According to the CNN/ORC International poll released on Monday, even though eight in 10 Americans believe that Assad's regime gassed its own people, a strong majority doesn't want Congress to pass a resolution authorizing a military strike against it.
More than seven in 10 say such a strike would not achieve significant goals for the United States and a similar amount say it's not in the national interest for the country to get involved in Syria's civil war.
A Reuters/Ipsos poll released on Monday showed opposition to a U.S. military strike was increasing. The poll, taken Thursday through Monday, indicated 63 percent of Americans oppose intervention, up from 53% in a survey ending August 30.

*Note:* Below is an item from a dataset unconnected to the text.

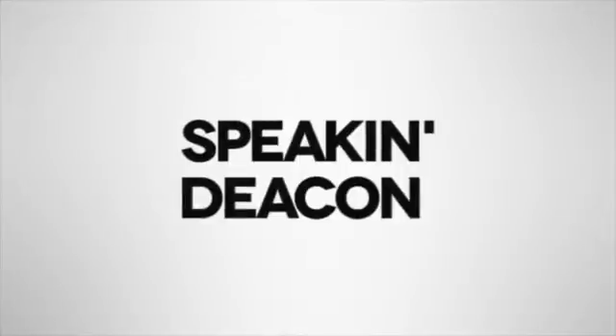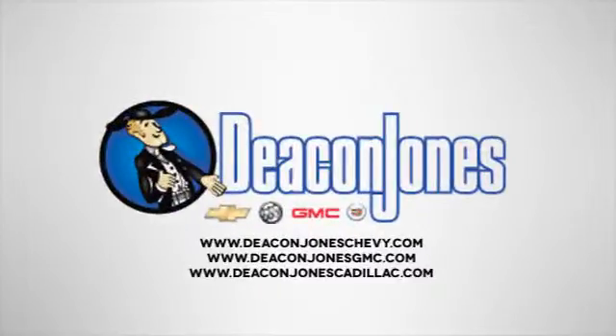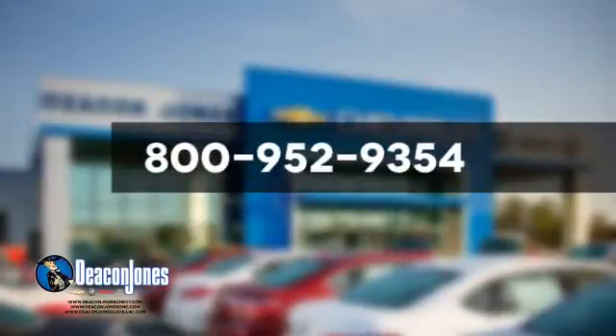Are you speaking Deacon? Visit Deacon Jones Chevrolet Buick GMC Cadillac today. Give us a call at 800-952-9354.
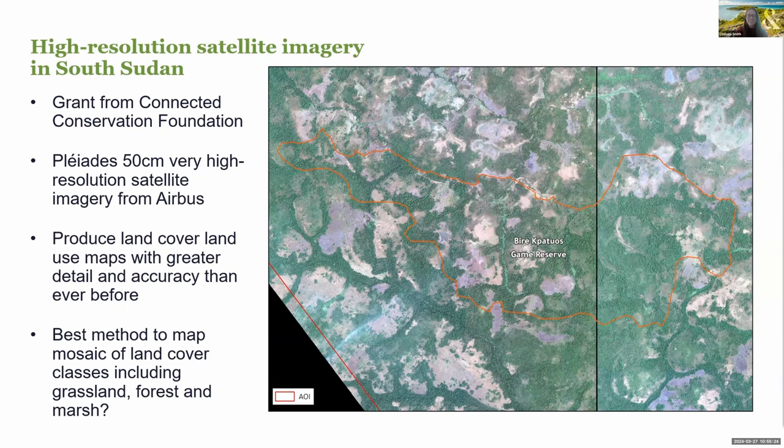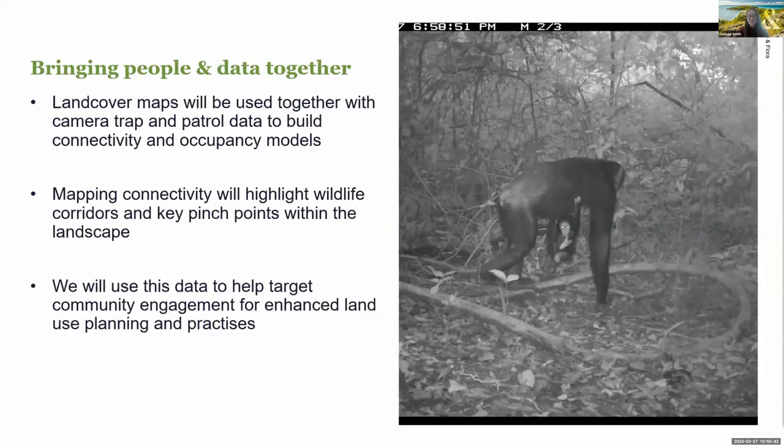We're open to suggestions on how to maximise the use of this imagery. At the moment we're considering using machine learning object-oriented classification and would be keen to hear if anyone has any advice or experience with working with such high-resolution satellite imagery. Once we have developed the land-cover maps, we'll use these in conjunction with data collected by field teams, such as through smart patrols and camera traps. The team is keen to try automated species tagging for camera trap images. Pulling these multiple data sources together will generate connectivity and occupancy models, and the land-cover maps and connectivity outputs will be utilised to inform targeted conservation management decisions, such as through community engagement to inform land use management and practices.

In a media campaign of his own, Assad denied responsibility for the chemical attack. In an interview with "CBS This Morning" on Monday, Assad accused the Obama administration of spreading lies without providing a "single shred of evidence," and warned that air strikes against his nation could bring retaliation. Pressed on what that might include, Assad responded, "I'm not [a] fortune teller."
Susan Rice, making her first major speech since taking over as Obama's national security adviser, said the United States cannot allow countries such as North Korea and Iran to think Washington would not react to a chemical weapons attack.
"We cannot allow terrorists bent on destruction, or a nuclear North Korea, or an aspiring nuclear Iran, to believe for one minute that we are shying away from our determination to back up our long-standing warnings," she said.